Fattizzo stated that “for nipocalimab 30 mg/kg Q4W, improvements in fatigue were evident as early as week 2 and maintained through week 24.”

Furthermore, among patients who were on corticosteroids at baseline, those treated with nipocalimab were more likely to reduce their average daily corticosteroid dose by week 24 than those treated with placebo (mean change from baseline –15.1 percent [30 mg/kg Q4W] and –14.1 percent [15 mg/kg Q2W] vs –3.9 percent).

In terms of safety, the rates of treatment-emergent adverse events were comparable between the nipocalimab and placebo groups (81.1 percent to 92.1 percent vs 89.5 percent).

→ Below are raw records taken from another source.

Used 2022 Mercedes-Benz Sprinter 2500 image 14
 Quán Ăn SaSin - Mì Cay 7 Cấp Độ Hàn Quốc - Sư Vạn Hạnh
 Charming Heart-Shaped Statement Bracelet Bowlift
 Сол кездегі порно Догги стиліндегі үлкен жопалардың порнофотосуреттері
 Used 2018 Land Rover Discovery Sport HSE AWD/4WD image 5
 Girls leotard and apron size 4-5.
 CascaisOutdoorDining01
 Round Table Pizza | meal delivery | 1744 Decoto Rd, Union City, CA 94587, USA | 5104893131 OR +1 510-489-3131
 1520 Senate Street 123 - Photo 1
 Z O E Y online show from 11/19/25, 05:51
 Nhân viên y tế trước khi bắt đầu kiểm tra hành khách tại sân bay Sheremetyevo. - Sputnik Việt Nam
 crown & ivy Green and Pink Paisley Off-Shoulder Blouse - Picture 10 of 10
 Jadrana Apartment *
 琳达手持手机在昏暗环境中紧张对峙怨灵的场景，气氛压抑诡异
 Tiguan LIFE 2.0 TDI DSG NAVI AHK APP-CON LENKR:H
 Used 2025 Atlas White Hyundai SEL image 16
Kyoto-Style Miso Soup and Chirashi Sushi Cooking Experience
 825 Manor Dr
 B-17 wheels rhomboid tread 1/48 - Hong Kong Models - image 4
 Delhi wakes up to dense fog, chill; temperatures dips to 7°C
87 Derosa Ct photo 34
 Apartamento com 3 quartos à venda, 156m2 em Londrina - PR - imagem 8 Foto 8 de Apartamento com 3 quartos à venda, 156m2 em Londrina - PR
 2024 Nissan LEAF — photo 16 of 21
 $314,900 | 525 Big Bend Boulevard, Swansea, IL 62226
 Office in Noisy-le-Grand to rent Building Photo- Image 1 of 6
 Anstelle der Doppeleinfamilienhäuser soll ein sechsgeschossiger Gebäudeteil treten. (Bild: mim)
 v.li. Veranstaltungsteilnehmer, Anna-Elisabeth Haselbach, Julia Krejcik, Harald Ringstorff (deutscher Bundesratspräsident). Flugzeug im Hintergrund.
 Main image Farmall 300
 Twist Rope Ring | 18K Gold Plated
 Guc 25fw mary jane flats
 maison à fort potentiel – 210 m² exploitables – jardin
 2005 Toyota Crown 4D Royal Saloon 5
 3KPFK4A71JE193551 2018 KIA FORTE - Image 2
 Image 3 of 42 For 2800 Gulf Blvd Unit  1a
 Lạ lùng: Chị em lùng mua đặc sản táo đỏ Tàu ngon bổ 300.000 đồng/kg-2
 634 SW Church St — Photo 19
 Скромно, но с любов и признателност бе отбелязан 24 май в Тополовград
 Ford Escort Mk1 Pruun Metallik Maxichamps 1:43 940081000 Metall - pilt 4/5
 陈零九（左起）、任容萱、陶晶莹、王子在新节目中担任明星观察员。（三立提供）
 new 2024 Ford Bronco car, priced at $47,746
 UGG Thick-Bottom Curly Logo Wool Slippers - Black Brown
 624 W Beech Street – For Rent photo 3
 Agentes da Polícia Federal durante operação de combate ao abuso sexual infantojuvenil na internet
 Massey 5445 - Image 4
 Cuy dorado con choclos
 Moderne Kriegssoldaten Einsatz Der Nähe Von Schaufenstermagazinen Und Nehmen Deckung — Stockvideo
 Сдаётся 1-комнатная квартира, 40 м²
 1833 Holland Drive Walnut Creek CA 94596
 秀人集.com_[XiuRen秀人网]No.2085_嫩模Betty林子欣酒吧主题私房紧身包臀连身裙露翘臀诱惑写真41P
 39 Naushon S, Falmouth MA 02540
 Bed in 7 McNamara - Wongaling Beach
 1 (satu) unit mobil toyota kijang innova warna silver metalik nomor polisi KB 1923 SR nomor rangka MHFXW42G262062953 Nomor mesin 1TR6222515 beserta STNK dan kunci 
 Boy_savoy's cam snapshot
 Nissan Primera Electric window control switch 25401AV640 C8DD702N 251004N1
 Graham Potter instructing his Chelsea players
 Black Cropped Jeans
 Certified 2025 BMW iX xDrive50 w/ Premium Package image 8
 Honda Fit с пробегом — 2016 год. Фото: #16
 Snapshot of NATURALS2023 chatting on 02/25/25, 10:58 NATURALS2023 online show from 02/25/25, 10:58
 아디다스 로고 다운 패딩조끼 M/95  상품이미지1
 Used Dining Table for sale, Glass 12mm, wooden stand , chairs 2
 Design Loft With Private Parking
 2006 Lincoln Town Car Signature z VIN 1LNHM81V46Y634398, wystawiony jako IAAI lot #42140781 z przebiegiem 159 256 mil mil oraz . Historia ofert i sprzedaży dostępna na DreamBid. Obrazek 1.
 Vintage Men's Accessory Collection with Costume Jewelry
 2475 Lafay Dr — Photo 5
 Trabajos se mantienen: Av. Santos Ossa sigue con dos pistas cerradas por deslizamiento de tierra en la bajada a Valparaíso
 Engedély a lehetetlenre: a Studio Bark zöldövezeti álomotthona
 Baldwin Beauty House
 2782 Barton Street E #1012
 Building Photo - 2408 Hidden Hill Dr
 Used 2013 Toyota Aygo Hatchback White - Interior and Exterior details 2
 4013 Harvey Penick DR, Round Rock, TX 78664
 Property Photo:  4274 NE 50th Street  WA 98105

Grade ≥3 infection rates were lower with nipocalimab than with placebo (5.3 percent [30 mg/kg Q4W] and 8.1 percent [15 mg/kg Q2W] vs 12.8 percent). None of the nipocalimab-treated patients developed hypogammaglobulinemia or hypoalbuminemia, potential side effects of nipocalimab, said Fattizzo.

The overall safety findings were consistent with the known safety profile of nipocalimab, with no new safety signals identified.

Nipocalimab is the first FcRn** blocker to show both efficacy and safety in treating wAIHA. In particular, nipocalimab 30 mg/kg Q4W demonstrated rapid and sustained efficacy in achieving the strict primary Hgb response through week 24, Fattizzo said.